● PROBLEM STATEMENT: Only the text belongs in the copy. Transcribe the data exactly and drop any pictures.

● INPUT DATA:
• • • • •

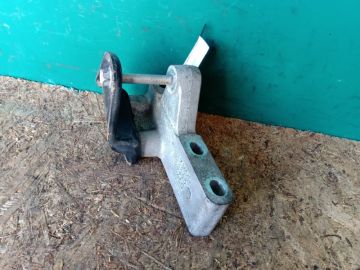 Кронштейн двигателя LEXUS RX300/330/350/400 03-09 Кронштейн двигателя LEXUS RX300/330/350/400 03-09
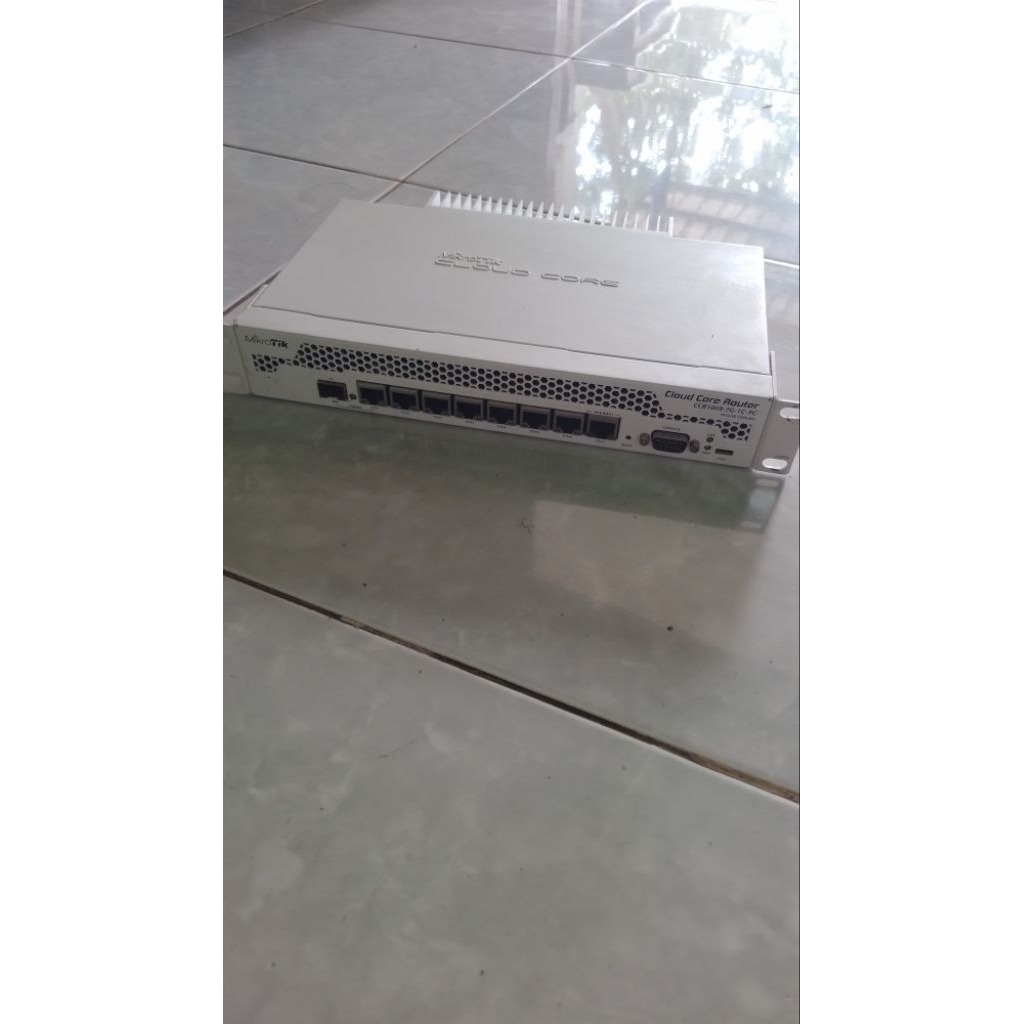 MikroTik CCR 1009 7G 1C PC BEKAS MULUS NORMAL ( SECOND ) FREE ADAPTOR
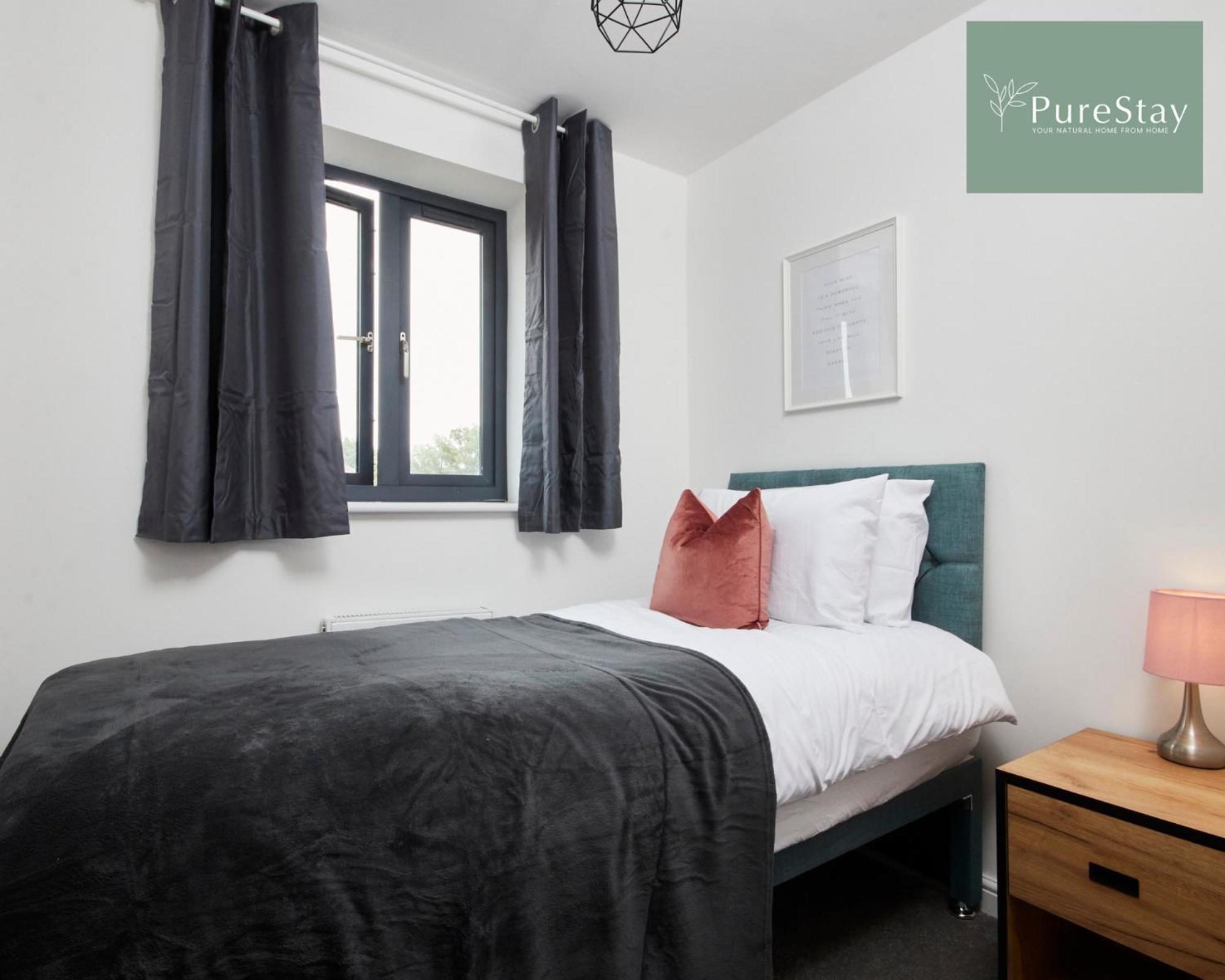 Stunning 5 Bed Manchester House With Parking By Purestay Short Lets & Serviced Accommodation Luaran gambar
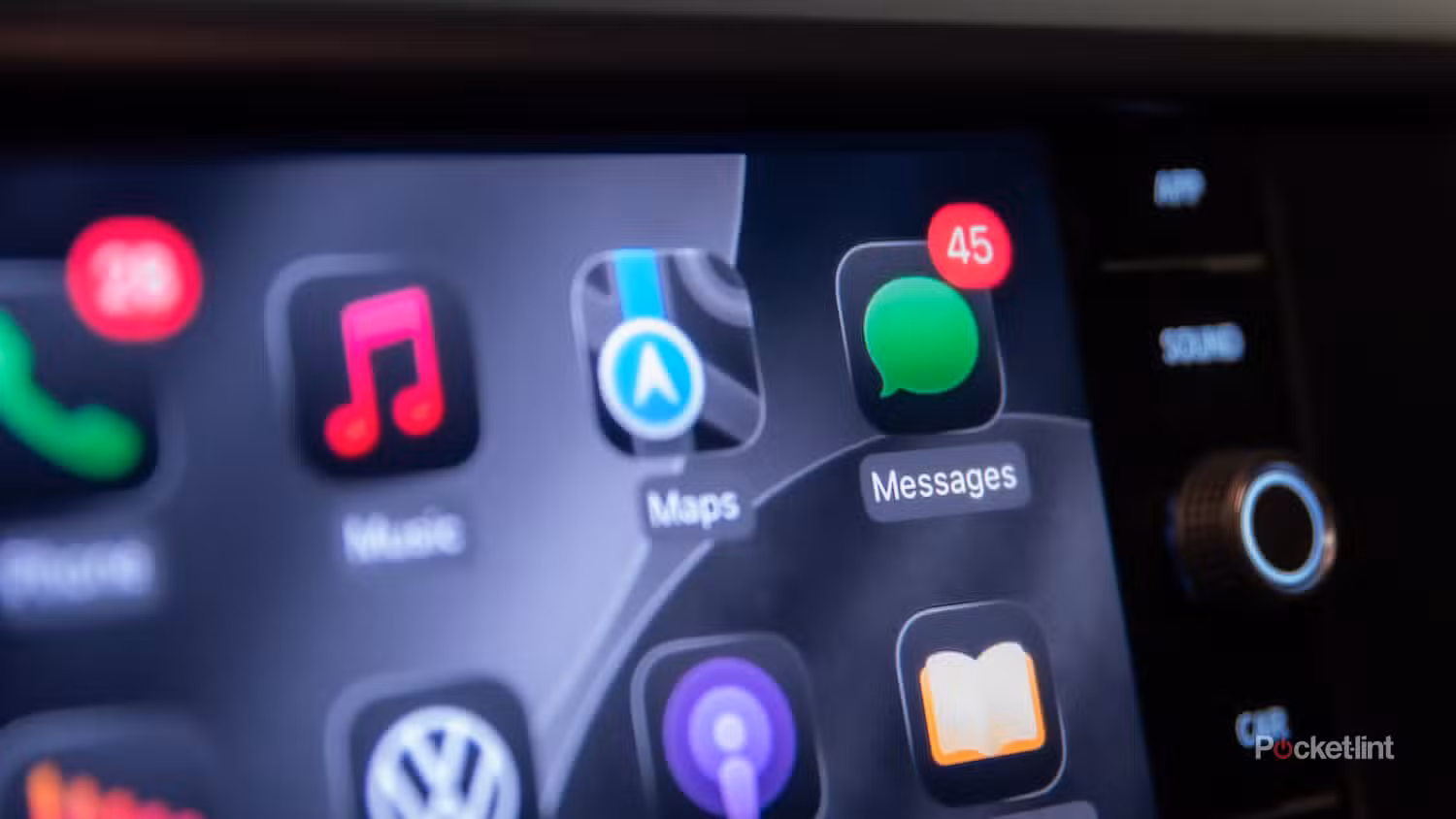 یک عکس ثابت از Apple CarPlay iOS 26 و برنامه Messages آن.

• • • • •

● FINISHED EXERCISE:
 Кронштейн двигателя LEXUS RX300/330/350/400 03-09 Кронштейн двигателя LEXUS RX300/330/350/400 03-09
 MikroTik CCR 1009 7G 1C PC BEKAS MULUS NORMAL ( SECOND ) FREE ADAPTOR
 Stunning 5 Bed Manchester House With Parking By Purestay Short Lets & Serviced Accommodation Luaran gambar
 یک عکس ثابت از Apple CarPlay iOS 26 و برنامه Messages آن.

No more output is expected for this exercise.